Decimated Cuts Emissions on DIO, Pivots to Spend-Funded Rewards
Decimated has just retired one of the most contentious mechanics in web3 gaming. The Fracture Labs team confirmed that DIO, the Solana SPL token at the centre of its post-apocalyptic survival RPG, has shifted from emission-based rewards to demand-based rewards. The studio summed up the new logic in three lines: no spend equals no rewards, more activity equals more rewards, and there is no inflation involved.
The change applies to how players accumulate DIO inside the game. Under the old structure, new tokens were dripped into the player base on a schedule tied to in-game activity, which is how most play-to-earn titles bootstrap their economies. The new structure routes rewards out of demand, meaning the pool that pays players is funded by what other participants spend, not by minting fresh supply.
For a token with a fixed maximum supply of 1 billion DIO and a circulating supply already at roughly 999.99 million, the move closes the door on further dilution from gameplay payouts.

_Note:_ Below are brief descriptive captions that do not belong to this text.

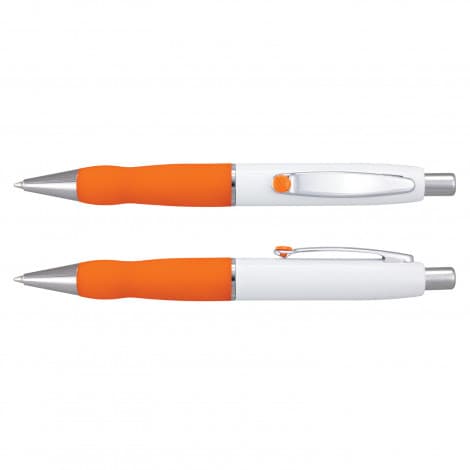 Orange Turbo Pen - White Barrel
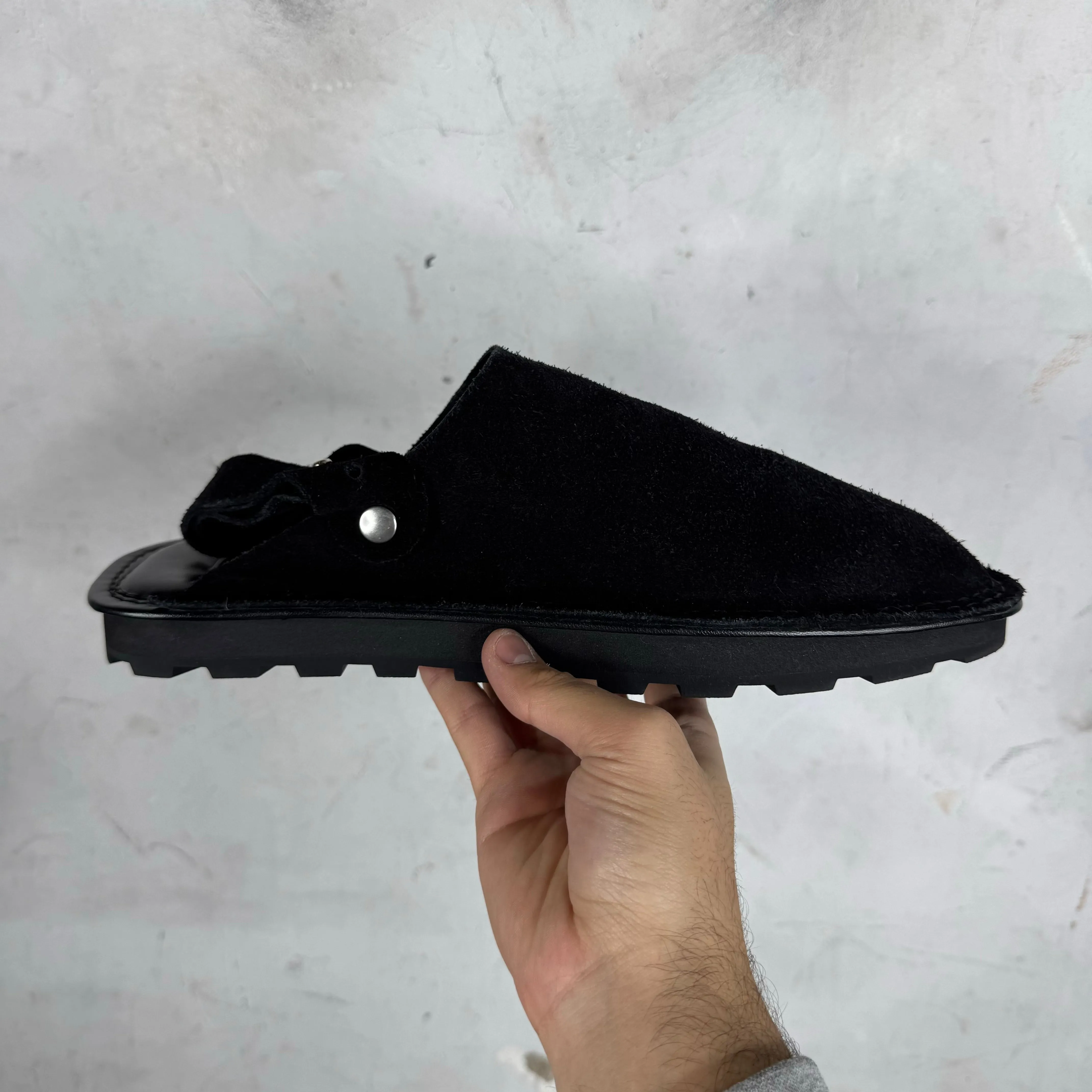 Jil Sander Suede Sabot Mules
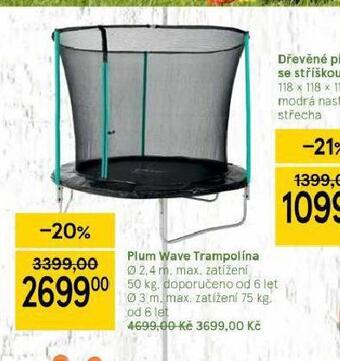 Tesco Trampolína nabídka
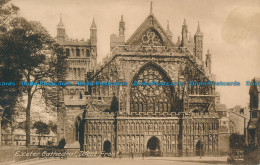 R132128 Exeter Cathedral. West Front. Frith. No 19601 - World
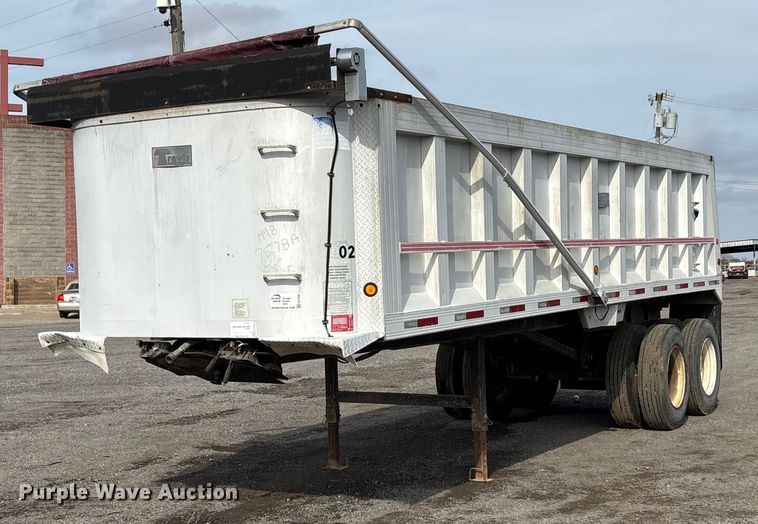image for item EA7832 1998 Travis end dump trailer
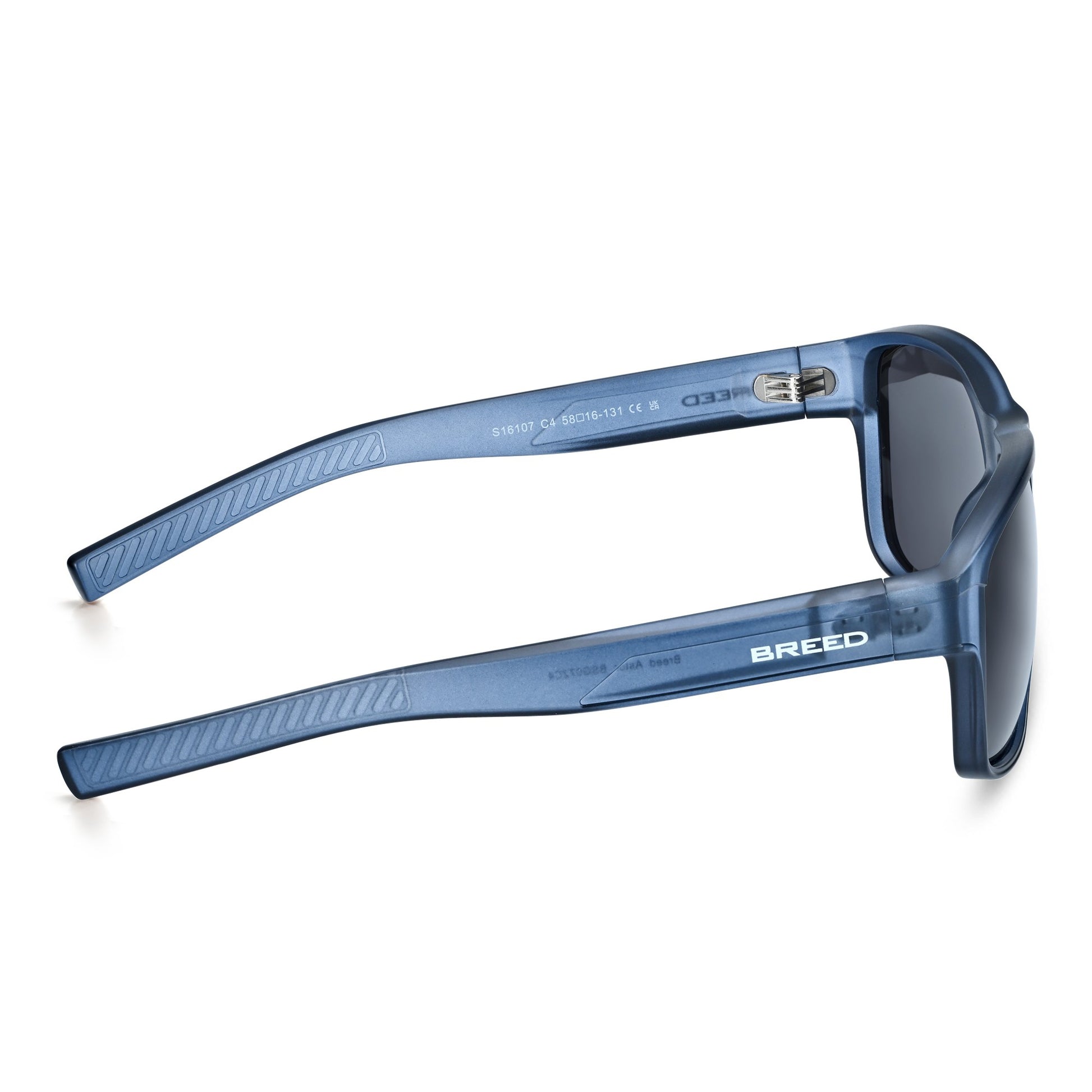 Breed Astor Polarized Sunglasses - Blue/Black - BSG072C4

Why a Demand-Based Model Is a Different Animal
Inflationary reward emissions were the engineering choice behind the early breakout play-to-earn era, and they were also the reason most of those economies collapsed. When token supply expanded faster than buyers entered the system, prices fell, daily earnings shrank, and player retention followed.
A demand-based model inverts the loop. Rewards are paid from real economic activity inside the game, not from a printer. If players spend on cosmetics, characters, vehicles, or marketplace listings, that spend feeds the reward pool. If activity dries up, rewards do too. The trade-off is honest by design: payouts are gated by actual ecosystem demand, but token holders are no longer absorbing the cost of every payday in the form of dilution.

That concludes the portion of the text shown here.